>===== Original Message From Mathieu Bouchard <matju / sympatico.ca> =====
>On Sat, 10 Mar 2001, GOTO Kentaro wrote:
[...]
>Ok, I also had written the following one. How long does it take over
>there? it takes more time to initialize the ruby interpreter, and it takes
>more time to print the numbers than to generate them...
>
>        nums=[]
>        def foo(x,y,n); while y<=n; yield y; y *= x; end; end
>        foo(2,1,n) {|a| foo(3,a,n) {|b| foo(5,b,n) {|c| nums << c }}}
>        nums.sort!
>        for x in nums do p x end
>
>(oh, btw.

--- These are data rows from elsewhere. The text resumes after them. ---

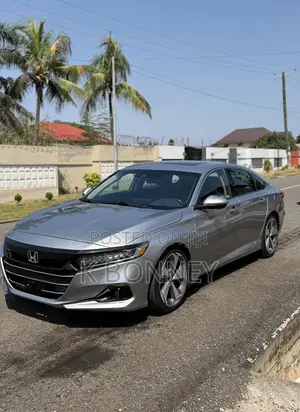 Honda Accord 2019 Gray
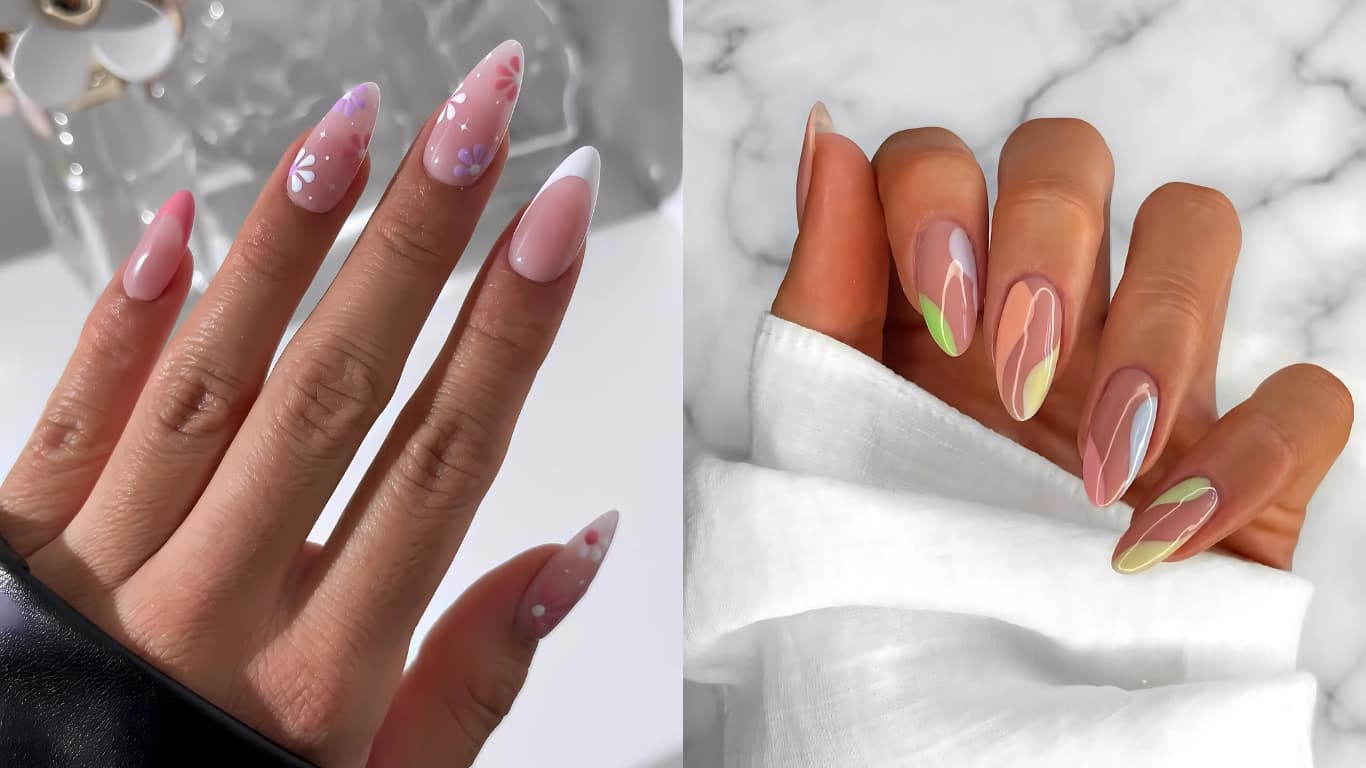 Spring Nail Trends 2025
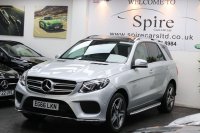 MERCEDES-BENZ GLE CLASS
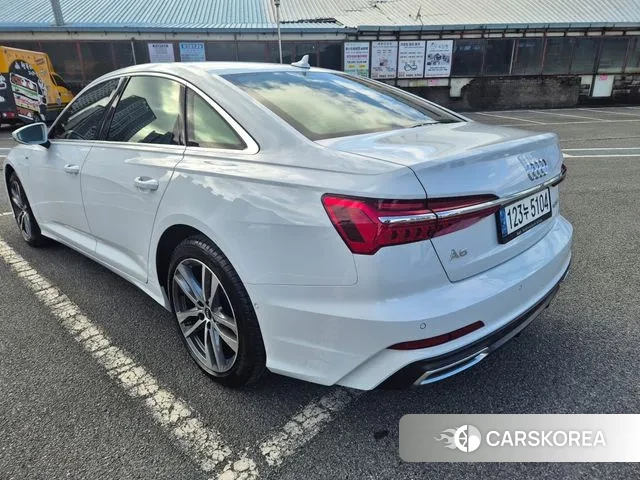 Audi A6 (C8) id 3735107 из Кореи 17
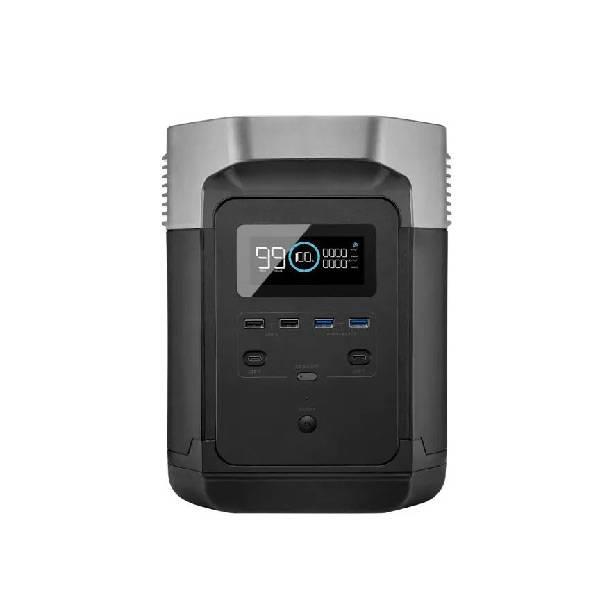 Портативная зарядная станция EcoFlow DELTA 1300 (1260 Втч) - фото 2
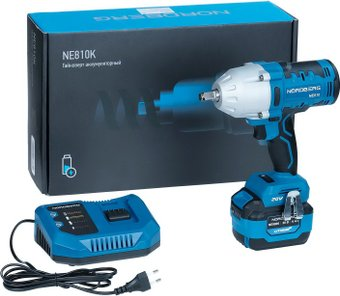 Гайковерт Nordberg NE810K (с 1-им АКБ, сумка) - 1/1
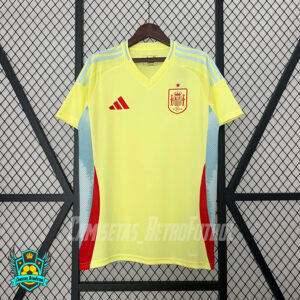 Camiseta España 2024 Visitante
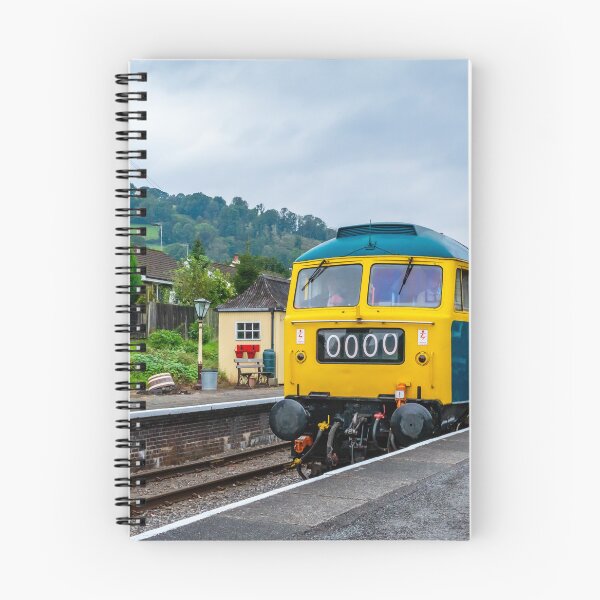 Item preview, Clase 47 en el ferrocarril Llangollen designed and sold by pwmoore.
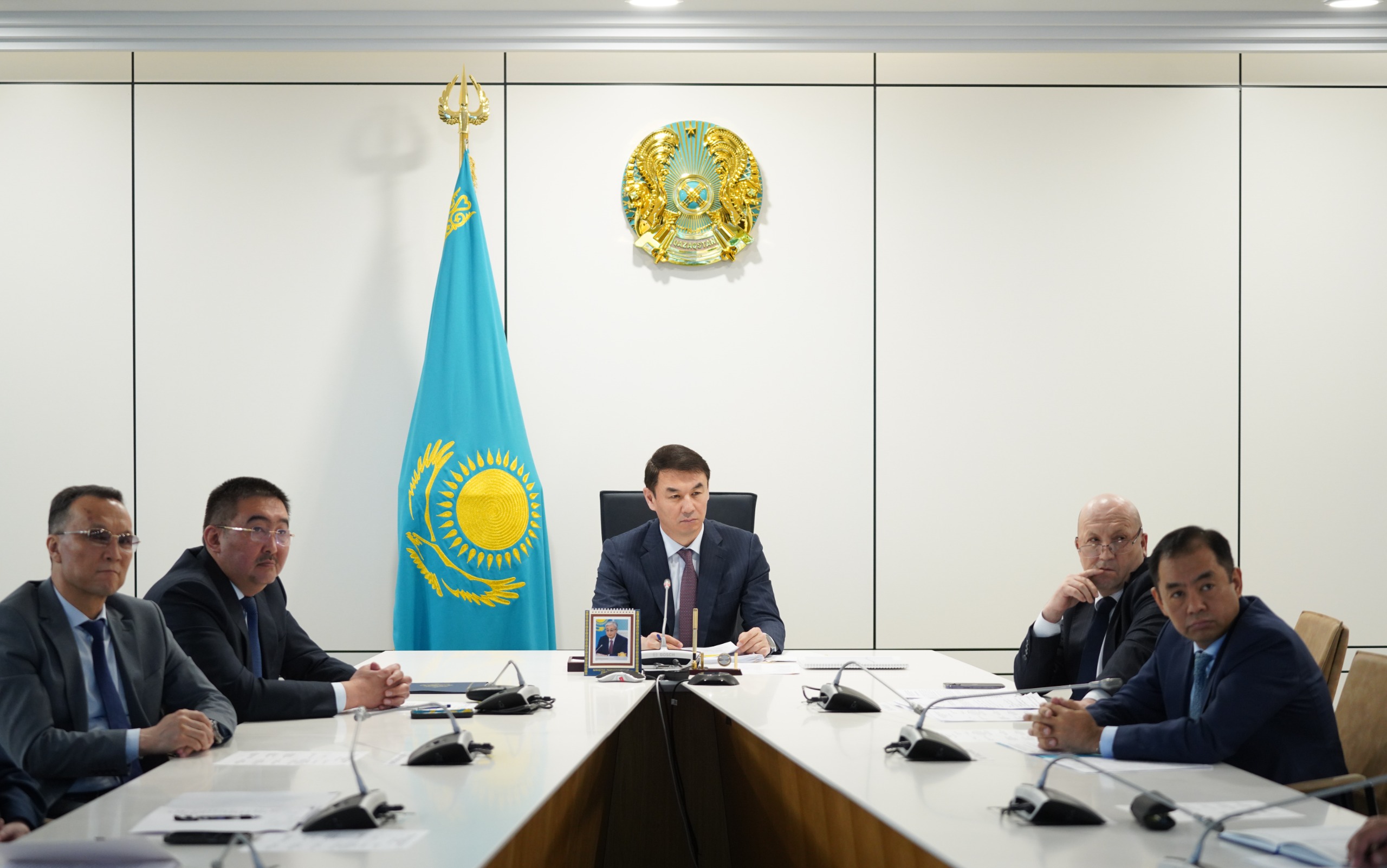 ТҮРКІСТАН ОБЛЫСЫНДА КРИМИНОГЕНДІК ЖАҒДАЙ ТҰРАҚТЫ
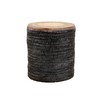 新仿棕榈木仿旧家具木墩坐墩QQ17080050 Newly made Palm wood Wooden stool 商品缩略图0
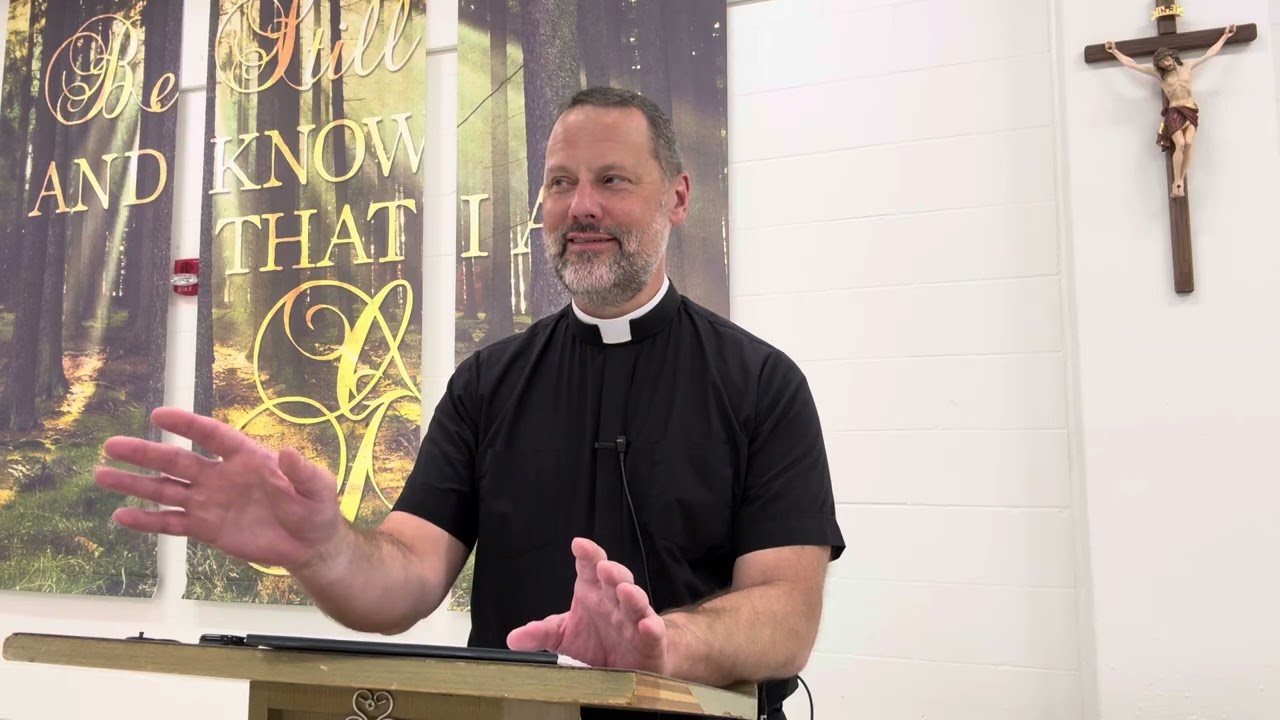 OCIA 2025-11: Eucharist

Ben's version takes over 3 times longer. i'm now testing with
>n=10**30 and using >/dev/null)

We have a winner.  If you want all of the Hamming numbers less
than a fixed bound, this appears fastest.

Theoretically the sort is k*log(k) where k is the number of
elements.  Practically if you raise n large enough for that to
matter, you will run out of memory on the machine. :-)

Of course if you just want to know what the thousandth element
in the Hamming sequence is, I believe that my approach will be
faster than an approach based on the above.  Ditto if you are
asked for the first thousand elements.